The first lesson in the first class of economics teaches the central point of it all.

Namely “Supply and Demand”.

Lower demand equals lower prices (assuming a fixed supply)

Higher demand equals higher prices (assuming a fixed supply)

The rest as they say is “the other stuff”. (A great example of this phenomenon at present is Apple, their profit margins are stellar by industry standards because demand exceeds supply and their products are aspirational, this will not be forever though so some caution should be observed by Apple shareholders of which I am one).

What to invest in

The futurologist looking at the world today and then in 20 years’ time will inevitably conclude that the demand for raw materials must increase and probably very significantly from today’s levels.

In the case of farm land and forestry it is difficult to imagine how supply increases (as no new land is being manufactured) so demand expansion must therefore lead to higher prices (as supply is relatively inelastic).


We will therefore be reviewing how best to invest in the areas where the economics of supply and demand constraints are supportive of higher investment yields in the future.


  1. Agriculture
  2. Forestry
  3. Biotechnology

We will have recommendations following research ready for the next annual rebalances to form a small but important part of the 2013 portfolios.

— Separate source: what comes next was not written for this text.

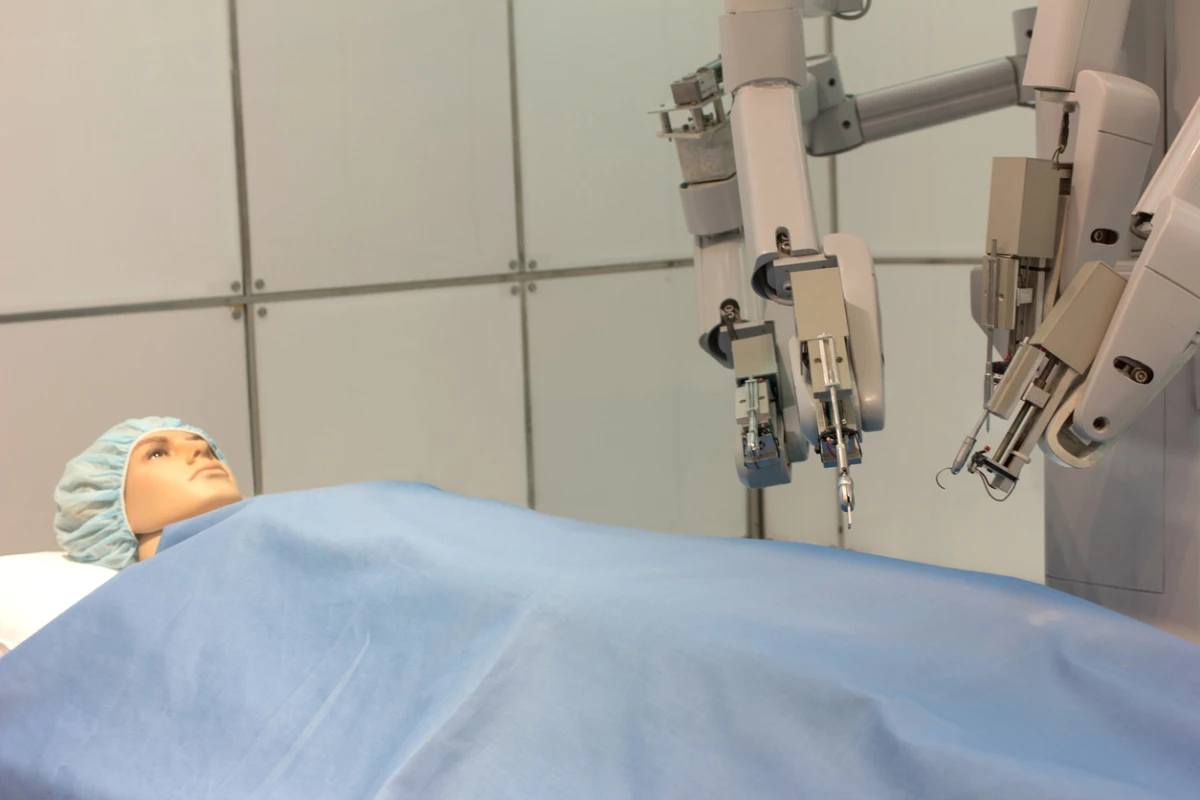 medical robot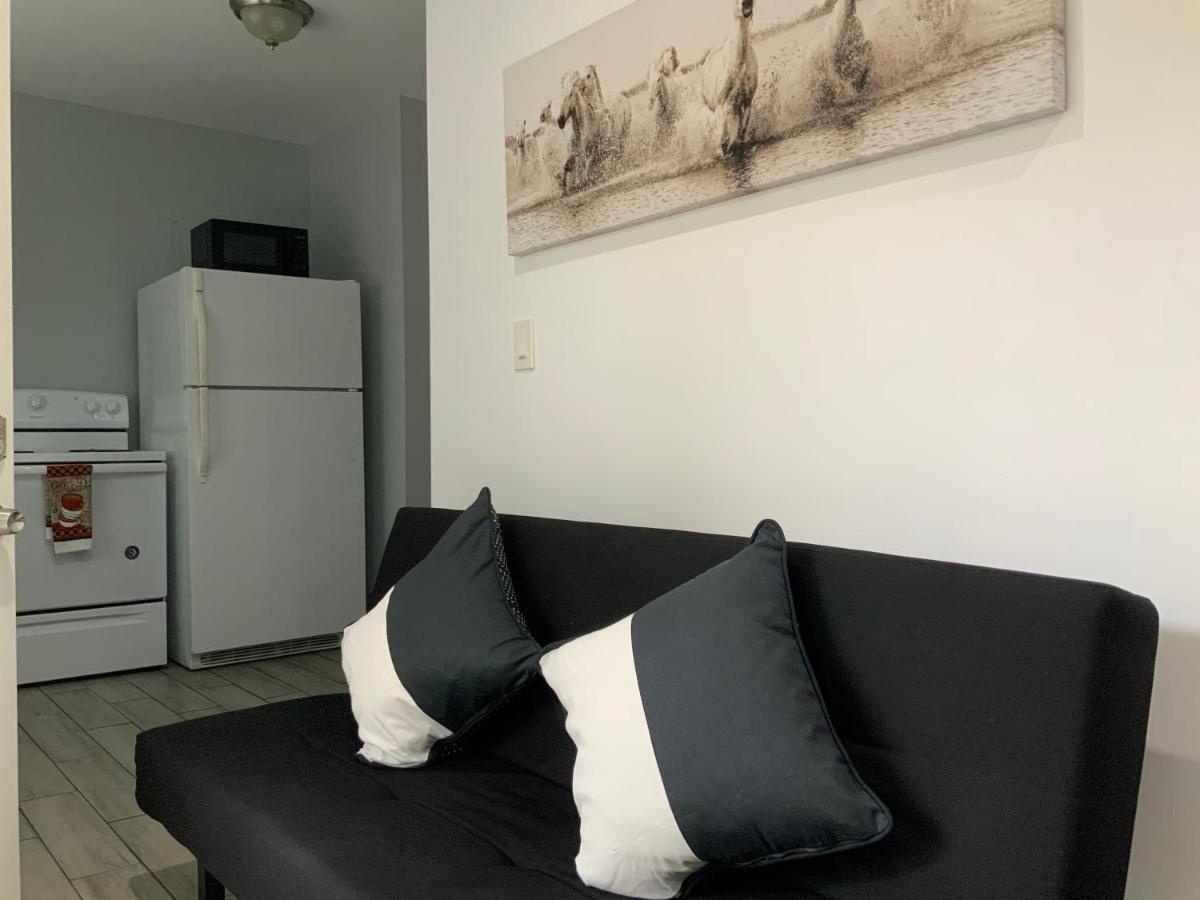 Adorable Private Apartments In The Heart Of Miami! Exterior foto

NOTE: This is written in a personal capacity and reflects the view of the author. It does not necessarily reflect the view of LWM Consultants. The post has been checked and approved to ensure that it is both accurate and not misleading. However, this is a blog and the reader should accept that by its very nature many of the points are subjective and opinions of the author. This is not a recommendation to buy any product or service including any share or fund mentioned. Individuals wishing to buy any product or service as a result of this blog must seek advice or carry out their own research before making any decision, the author will not be held liable for decisions made as a result of this blog (particularly where no advice has been sought). Investors should also note that past performance is not a guide to future performance and investments can fall as well as rise.